[Start of Attachment]
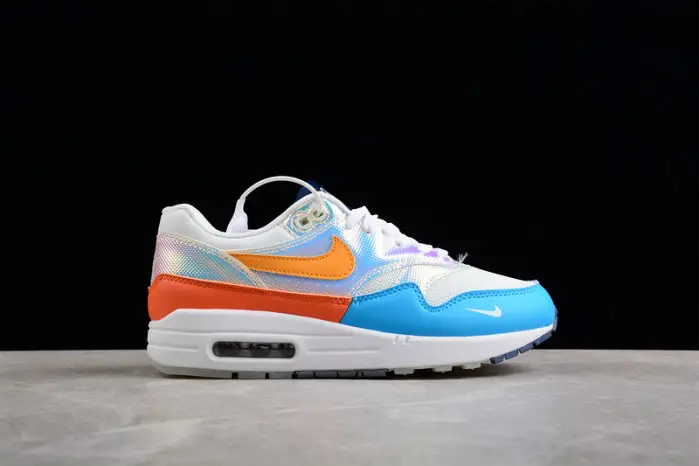 Nike Air Max 1 "La Ville Lumière" 
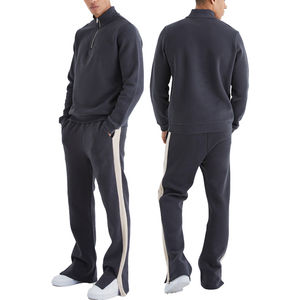 Survêtement d'hiver pour hommes de haute qualité à capuche uni avec logo noir en deux pièces en polyester et coton écologique respirant pour adultes - Product Image 1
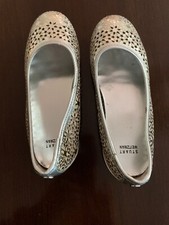 Stuart Weitzman Girls Sally Ora Silver Party Flats Preowned w/box -Size 1 / EUR
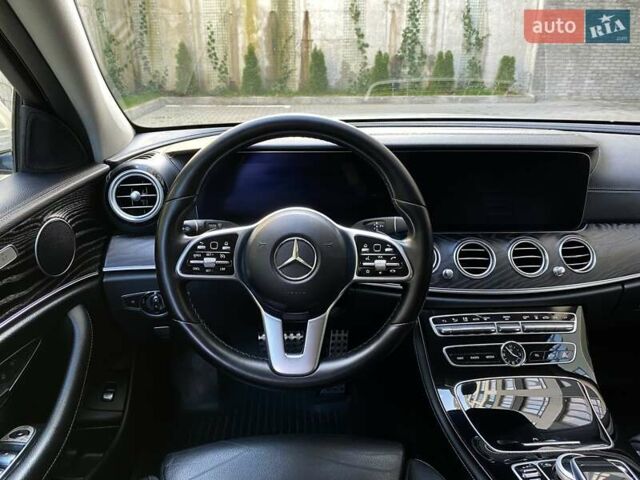 Серый Мерседес Е-Класс, объемом двигателя 1.95 л и пробегом 397 тыс. км за 23499 $, фото 44 на Automoto.ua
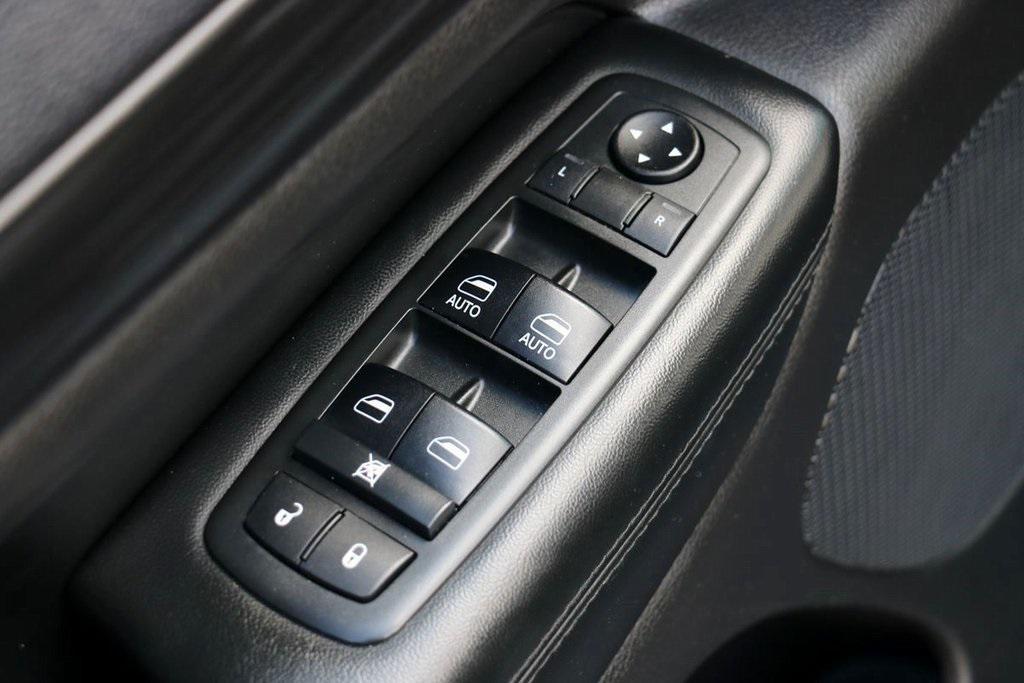 used 2019 Jeep Grand Cherokee car, priced at $15,000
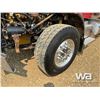 Image 21 : 2001 KENWORTH T800 T/A DUMP TRUCK
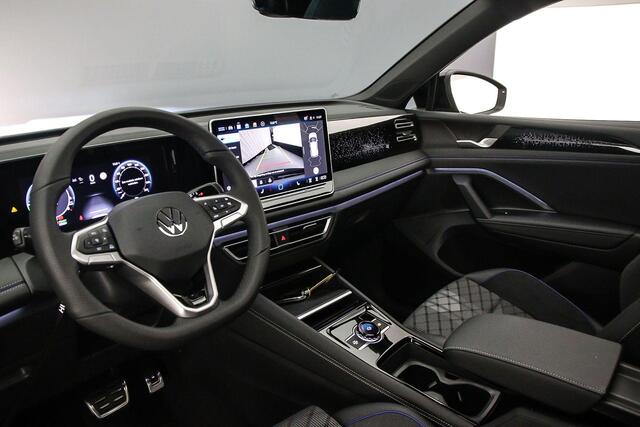 Volkswagen TIGUAN R-Line Edition 1.5 TSI eHybrid 272pk DSG Automaat Trekhaak, Panoramadak, Adaptive cruise control, Black Style, Achteruitrijcamera, Elektrische achterklep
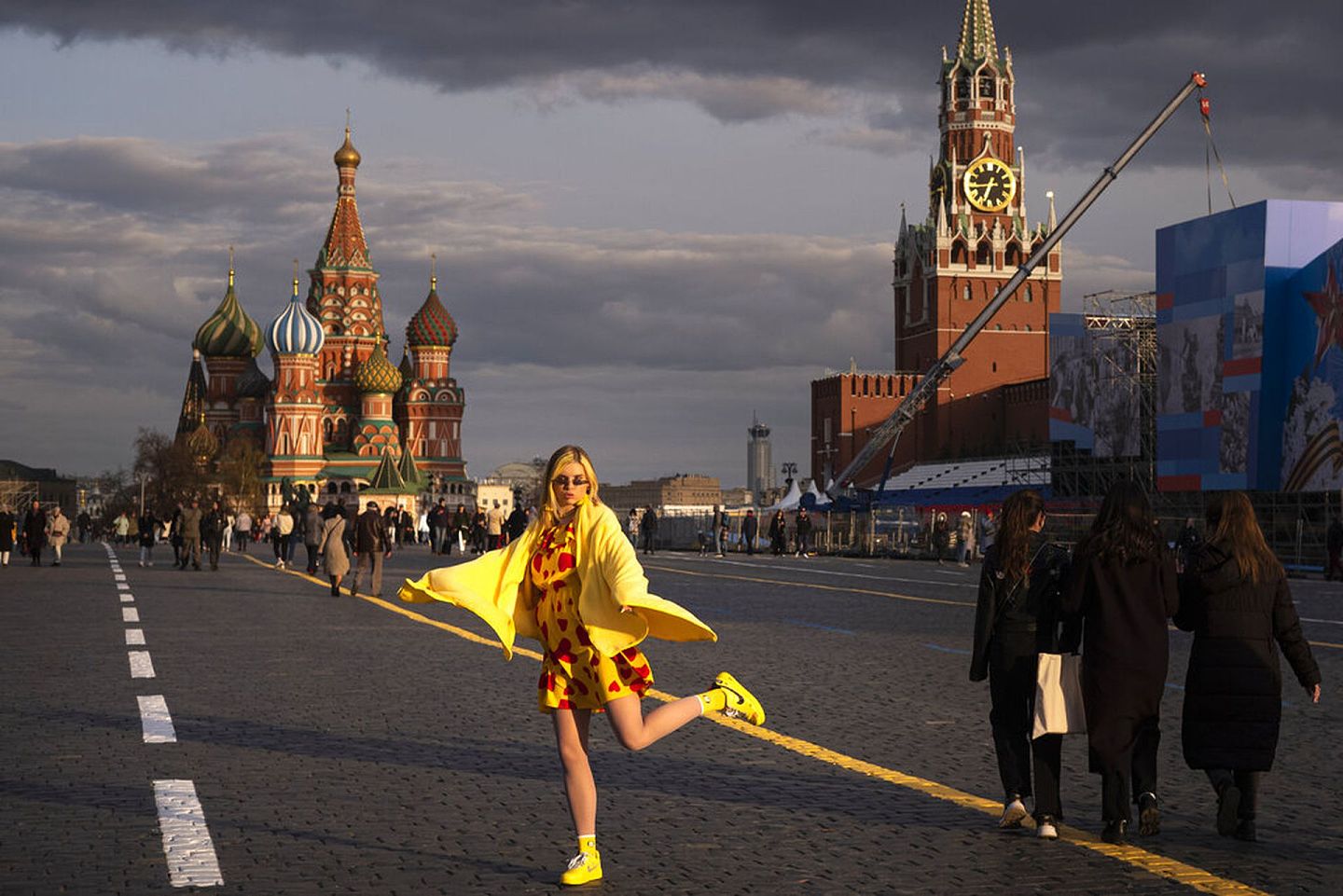 图为4月26日，一名女子在俄罗斯莫斯科红场跳舞。（AP）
[End of Attachment]
## What to work on
Give again, exactly as written above, every line from the one holding "Stuart Weitzman Girls" to the one holding "Image 21 : 2001 KENWORTH T800 T/A DUMP TRUCK", with both ends kept and the pictures left out.

## Solution
 Stuart Weitzman Girls Sally Ora Silver Party Flats Preowned w/box -Size 1 / EUR
 Серый Мерседес Е-Класс, объемом двигателя 1.95 л и пробегом 397 тыс. км за 23499 $, фото 44 на Automoto.ua
 used 2019 Jeep Grand Cherokee car, priced at $15,000
 Image 21 : 2001 KENWORTH T800 T/A DUMP TRUCK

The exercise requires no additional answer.